Burnt mound, Ballyhenry, Co. Wicklow

Beneath a low-lying, waterlogged corner of County Wicklow, close to where the N11 now runs between Newtownmountkennedy and Ballynabarny, excavators uncovered a prehistoric feature that raises more questions than it answers.

A burnt mound, in essence, is a heap of fire-cracked stones discarded after repeated use in ancient cooking or heating processes; stones were superheated in a fire, then dropped into a water-filled trough to bring the liquid rapidly to the boil. They are among the most common prehistoric monuments in Ireland, yet the example at Ballyhenry proved stubbornly reluctant to conform to the expected pattern.

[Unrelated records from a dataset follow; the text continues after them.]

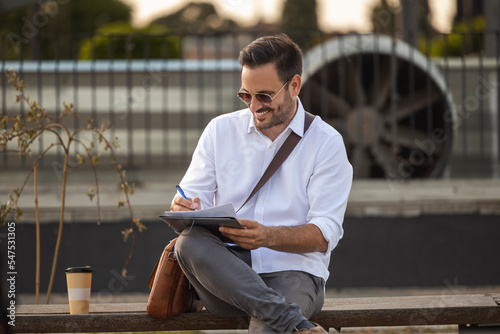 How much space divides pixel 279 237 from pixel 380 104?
15.0ft

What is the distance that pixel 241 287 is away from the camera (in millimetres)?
2994

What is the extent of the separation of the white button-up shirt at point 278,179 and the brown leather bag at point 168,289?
1.01ft

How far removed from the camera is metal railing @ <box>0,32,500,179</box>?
6.79 meters

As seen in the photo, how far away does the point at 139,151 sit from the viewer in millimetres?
6926

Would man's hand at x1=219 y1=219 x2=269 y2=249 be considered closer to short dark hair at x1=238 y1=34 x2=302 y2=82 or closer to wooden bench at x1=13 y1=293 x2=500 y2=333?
wooden bench at x1=13 y1=293 x2=500 y2=333

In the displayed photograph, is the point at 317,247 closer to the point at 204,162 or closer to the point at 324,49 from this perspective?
the point at 204,162

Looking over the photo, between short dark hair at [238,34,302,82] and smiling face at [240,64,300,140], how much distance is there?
2 centimetres

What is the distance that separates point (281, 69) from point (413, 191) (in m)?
3.35

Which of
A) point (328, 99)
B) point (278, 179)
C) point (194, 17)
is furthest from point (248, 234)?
point (194, 17)

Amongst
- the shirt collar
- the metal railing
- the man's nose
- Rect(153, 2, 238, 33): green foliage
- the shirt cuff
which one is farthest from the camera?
Rect(153, 2, 238, 33): green foliage

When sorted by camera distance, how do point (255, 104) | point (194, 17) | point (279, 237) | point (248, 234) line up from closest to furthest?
point (248, 234) < point (279, 237) < point (255, 104) < point (194, 17)

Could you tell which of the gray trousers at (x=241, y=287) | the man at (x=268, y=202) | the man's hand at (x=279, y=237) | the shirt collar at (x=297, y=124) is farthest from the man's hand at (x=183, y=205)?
the shirt collar at (x=297, y=124)

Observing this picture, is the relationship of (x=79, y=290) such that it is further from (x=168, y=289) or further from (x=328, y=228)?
(x=328, y=228)

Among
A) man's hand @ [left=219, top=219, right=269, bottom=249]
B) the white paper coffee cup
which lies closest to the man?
man's hand @ [left=219, top=219, right=269, bottom=249]
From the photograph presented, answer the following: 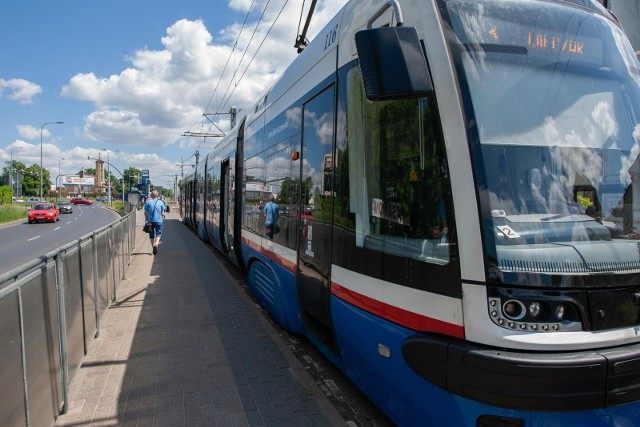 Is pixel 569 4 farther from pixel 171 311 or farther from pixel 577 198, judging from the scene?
pixel 171 311

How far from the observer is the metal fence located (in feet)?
8.41

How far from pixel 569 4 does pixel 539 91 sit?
2.55ft

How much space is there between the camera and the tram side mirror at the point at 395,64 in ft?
7.64

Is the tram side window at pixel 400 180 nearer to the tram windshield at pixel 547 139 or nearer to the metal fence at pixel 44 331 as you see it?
the tram windshield at pixel 547 139

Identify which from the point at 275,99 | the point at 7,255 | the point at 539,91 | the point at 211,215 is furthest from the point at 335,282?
the point at 7,255

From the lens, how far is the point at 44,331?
10.5 feet

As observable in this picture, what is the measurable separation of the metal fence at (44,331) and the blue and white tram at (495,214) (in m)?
2.12

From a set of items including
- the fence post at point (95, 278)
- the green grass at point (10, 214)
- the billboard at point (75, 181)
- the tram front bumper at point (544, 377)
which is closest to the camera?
the tram front bumper at point (544, 377)

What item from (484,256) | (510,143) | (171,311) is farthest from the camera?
(171,311)

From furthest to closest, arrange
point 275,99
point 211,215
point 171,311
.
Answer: point 211,215 → point 171,311 → point 275,99

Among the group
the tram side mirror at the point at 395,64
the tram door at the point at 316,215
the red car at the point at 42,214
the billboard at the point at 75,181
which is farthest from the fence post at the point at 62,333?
the billboard at the point at 75,181

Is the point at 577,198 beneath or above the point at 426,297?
above

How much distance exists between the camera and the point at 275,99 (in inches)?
229

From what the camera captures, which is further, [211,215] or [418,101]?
[211,215] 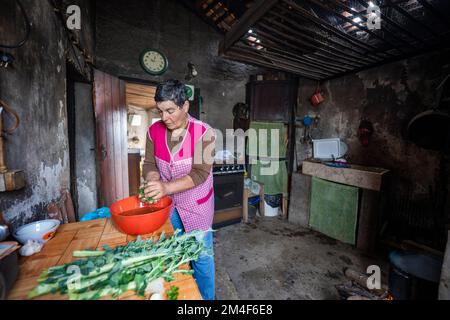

The site came to light in autumn 2001, when Ciara MacManus carried out pre-construction testing ahead of the N11 road scheme. The area had been flagged partly because of its low, wet character, and partly because Catherine McLoughlin had already excavated a burnt-mound complex in the nearby Rathmore townland. A small deposit of heat-shattered stones was excavated in December 2001 by Emmet Stafford, and the mound that forms the focus here, lying slightly to the south, was excavated in January 2002. The archaeological deposits occupied an area of roughly 16 metres east to west by 14 metres. The mound itself measured 10 metres by 14 metres and reached a maximum depth of just 0.3 metres, its heat-fractured stones set in a charcoal-rich matrix containing quartz, sandstone, glacial stones, and a proportion of decomposed granite. Some shallower deposits to the east had been washed clean of charcoal entirely. What the excavators did not find was the trough that typically accompanies such mounds. A shallow, irregularly rounded cut toward the centre of the mound did not match the usual form, though it was noted that the addition of clay or leather sides could theoretically have made it functional for water retention. Its position, sitting between the two deepest accumulations of burnt stone, suggested that material may have been cast outward from the cut after successive uses, making it a possible secondary trough constructed after an original, unidentified feature had gone out of use. That earlier feature, if it existed, may simply lie to the east, beyond the edge of the road-take and unexamined.